December 1, 2016
by Geert De Lombaerde
A $12 billion manufacturing giant plans to pay $4.3 billion for Frankin-based filtration products maker Clarcor.
Cleveland, Ohio-based Parker Hannafin is paying $83 per share for Clarcor, which closed Wednesday (Ticker: CLC) at $70.45 and already is up more than 40 percent in 2016. The all-cash deal, which has been approved by the directors of both companies, is expected to close next summer and immediately add to Parker’s bottom line.
“Becoming part of Parker, with its significant systems expertise and stellar reputation for quality and innovation, should only enhance and accelerate our strategic initiatives and technology development efforts, expand our growth plans and provide new opportunities for many of our employees,” said Chris Conway, Clarcor’s chairman, president and CEO. “We are looking forward to working together with the Parker team to ensure a smooth combination of our businesses and operations and bring these goals to fruition.”
Clarcor has annual revenues of about $1.4 billion and some 6,000 employees around the world. Parker, which also does business in the aerospace, climate control, electromechanical, hydraulics, pneumatics industries among others, has facilities in 39 states and in almost 50 countries. It employs about 49,000 people.

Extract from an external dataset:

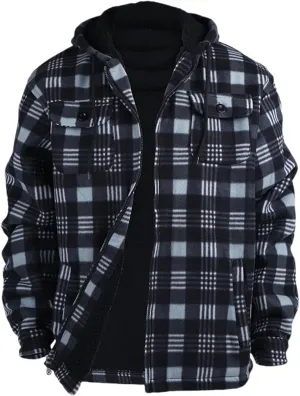 Heavy Thick Flannel Plaid Jacket Sherpa Fleece Lined Hoodies for Men Zip Up Warm Winter Coat Big&Tall Mens Coat Hooded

In a note to employees, Conway said the Clarcor was not looking to sell the company but was approached by Parker, which he said has a decentralized business model similar to Clarcor’s.
“We also believe our cultures and values are an excellent match. Clarcor, like Parker, prides itself on a long and successful history that reinforces entrepreneurialism and innovation,” said Tom Williams, chairman and CEO of Parker. “Together, Parker and Clarcor will advance our commitment to engineer the success of our customers and team members and enhance shareholder value.”
The Parker team expects to produce cost savings of about $140 million in the three year following the purchase of Clarcor.